Przykładowo w "/etc/make.conf" ustawiłem globalną flagę "nptl", a w "/etc/portage/package.use{,/*}" lokalną flagę "nptlonly"dla pakietu "glibc" , które obie są potrzebne do poprawnej obsługi NPTL i tylko NPTL.

Jeśli na początku flag wymienisz "-*", to pamiętaj, że to wyłączy domyślne flagi z "/usr/portage/profiles/<Katalog używanego profilu i profilów nadrzędnych>/make.defaults". Należy wtedy te pliki "/usr/portage/profiles/<Katalog używanego profilu i profilów nadrzędnych>/make.defaults" uważnie przeglądnąć, pamiętając, że większość ustawionych tam domyślnie flag USE jest ustawiona korzystnie. Obecnie lepiej nie używaj "-*".

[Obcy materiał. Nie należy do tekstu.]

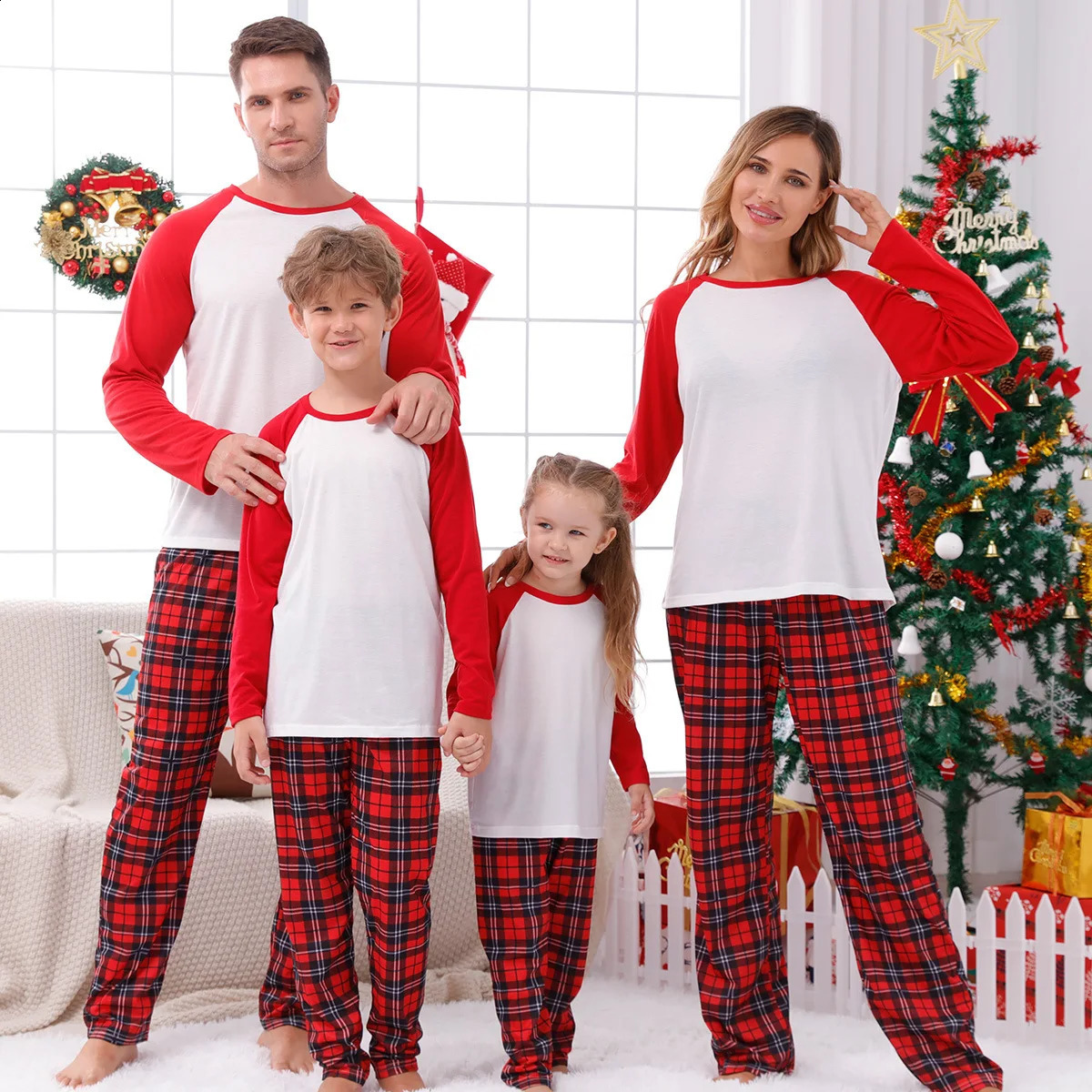 Year Clothes Christmas Family Matching Outfits Mom Dad Kids Pajamas Set DIY Blank 2 Pieces Clothing Sets Xmas Look Pjs 251027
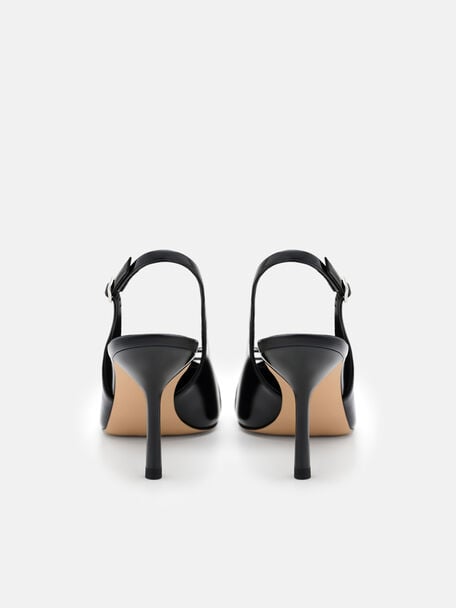 Jeanine Patent Leather Heel Slingback Pumps, , hi-res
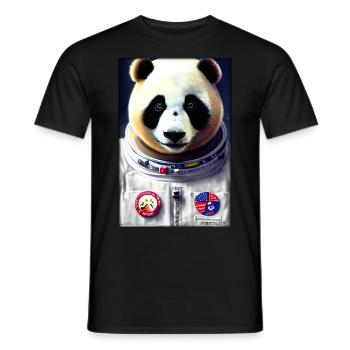 Pandabär Panda Astronaut Zukunft Sci-Fi Technik - Männer T-Shirt - Schwarz - Vorne - AI Model Male 178 light (178cm)
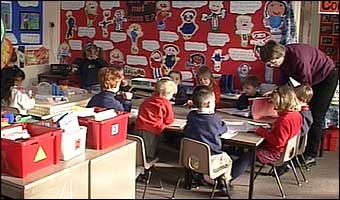 infant school children in the classroom 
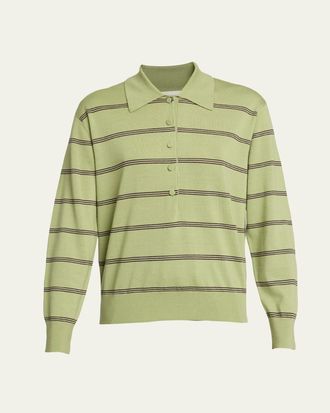 Dries Van Noten Tuno Striped Wool Polo Sweater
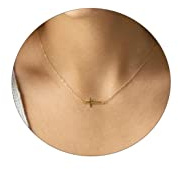 VIROMY Dainty Gold Sideways Cross Necklace for Women 14K Gold Plated Simple Cross Bar Pendant Necklaces Minimalist Faith Jewelry for Women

Przed instalacjami pakietów sprawdzaj (Opcje "-pv" lub "-av") zmiany istnienia flag oznaczane "%" i sprawdzaj opisy nowych lokalnych flag i ewentualnie je włączaj.

Sveikinu

Arfrever

----------

## Daniel2006

ok, wielkie dzięki to dużo mi pomogło

pozdrawiam

----------